Segment Start: Data excerpts
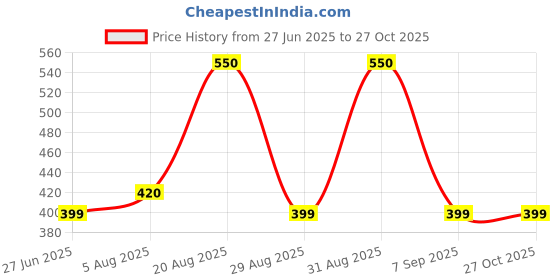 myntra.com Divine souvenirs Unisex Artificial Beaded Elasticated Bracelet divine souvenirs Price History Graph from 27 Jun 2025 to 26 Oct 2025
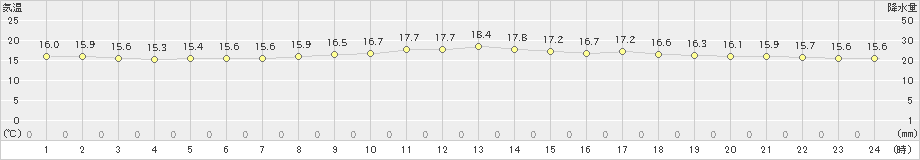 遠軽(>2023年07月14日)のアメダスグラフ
Segment End: Data excerpts
Segment Start: Data excerpts
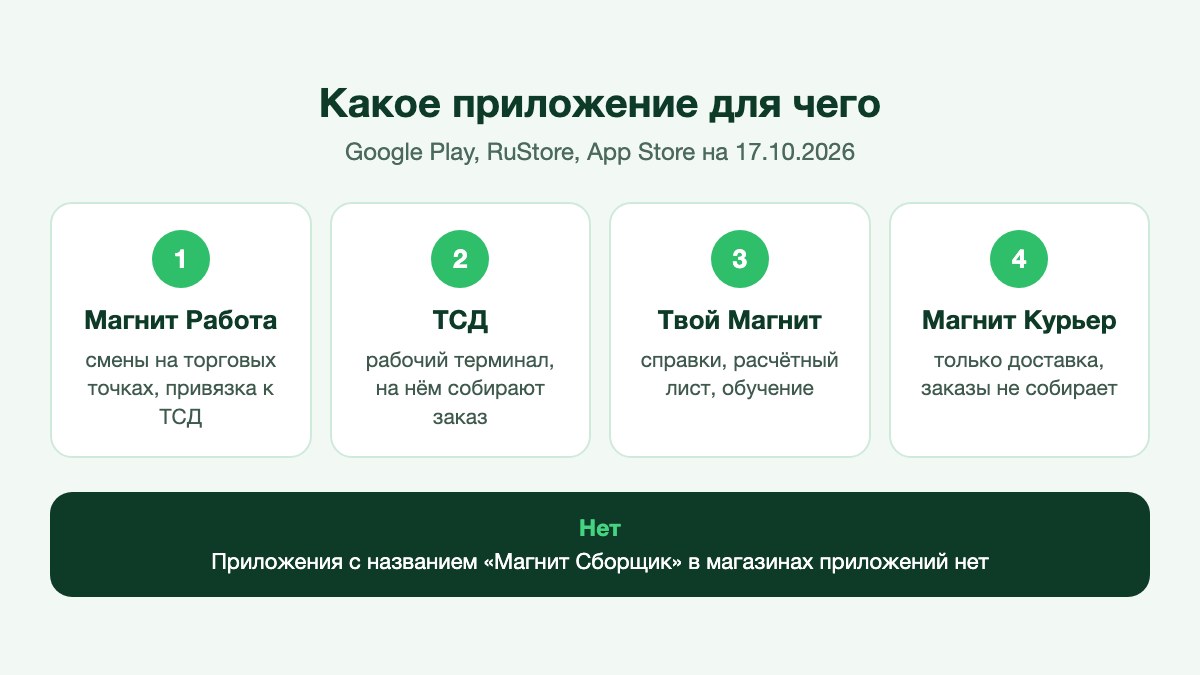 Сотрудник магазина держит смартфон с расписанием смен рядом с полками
Segment End: Data excerpts
## Try it
Starting at the line containing "myntra.com Divine souvenirs" and finishing at the line containing "遠軽(>2023年07月14日)のアメダスグラフ", return those lines exactly as they appear above, without the pictures.

## Finished task
 myntra.com Divine souvenirs Unisex Artificial Beaded Elasticated Bracelet divine souvenirs Price History Graph from 27 Jun 2025 to 26 Oct 2025
 遠軽(>2023年07月14日)のアメダスグラフ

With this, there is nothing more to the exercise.